EXTRACTED ENTRIES:

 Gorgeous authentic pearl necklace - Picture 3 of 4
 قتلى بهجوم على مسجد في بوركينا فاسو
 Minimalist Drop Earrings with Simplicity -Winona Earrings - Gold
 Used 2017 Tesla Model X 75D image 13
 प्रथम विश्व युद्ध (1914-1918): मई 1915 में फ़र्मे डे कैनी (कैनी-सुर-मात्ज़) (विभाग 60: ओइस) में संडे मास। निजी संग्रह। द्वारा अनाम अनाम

* * *

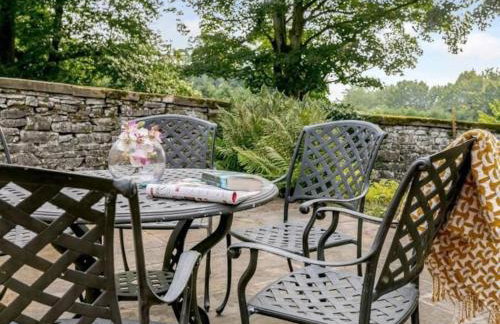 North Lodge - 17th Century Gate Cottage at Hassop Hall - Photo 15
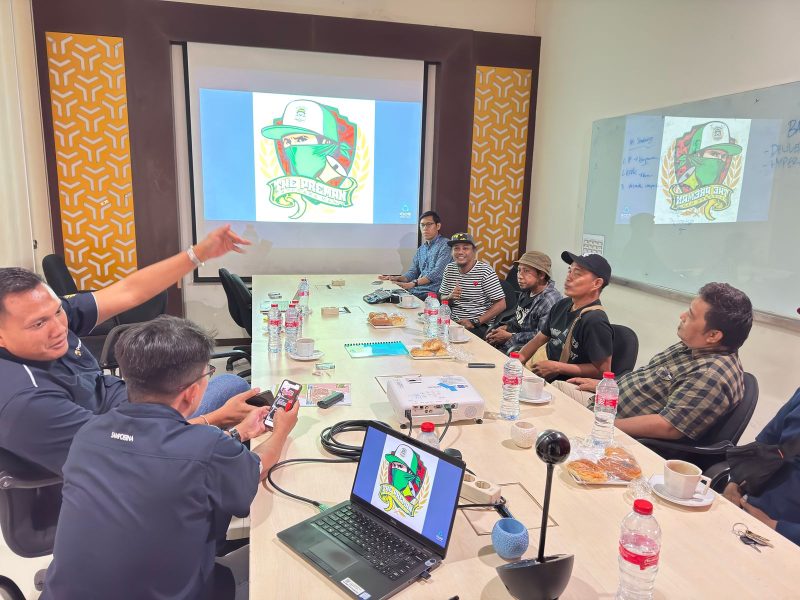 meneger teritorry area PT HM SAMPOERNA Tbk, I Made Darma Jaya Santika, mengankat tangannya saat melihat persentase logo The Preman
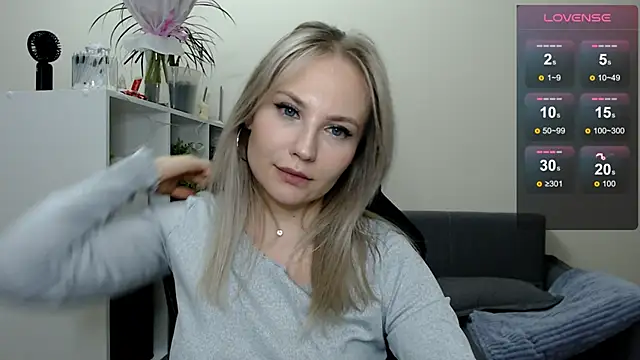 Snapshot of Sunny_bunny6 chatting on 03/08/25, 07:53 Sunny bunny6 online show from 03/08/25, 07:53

TO DO:
Using the data above, repeat exactly the lines that begin at the line with "Gorgeous authentic pearl" and end at the line with "प्रथम विश्व युद्ध", both ends included.

SOLUTION FOR THIS EXERCISE:
 Gorgeous authentic pearl necklace - Picture 3 of 4
 قتلى بهجوم على مسجد في بوركينا فاسو
 Minimalist Drop Earrings with Simplicity -Winona Earrings - Gold
 Used 2017 Tesla Model X 75D image 13
 प्रथम विश्व युद्ध (1914-1918): मई 1915 में फ़र्मे डे कैनी (कैनी-सुर-मात्ज़) (विभाग 60: ओइस) में संडे मास। निजी संग्रह। द्वारा अनाम अनाम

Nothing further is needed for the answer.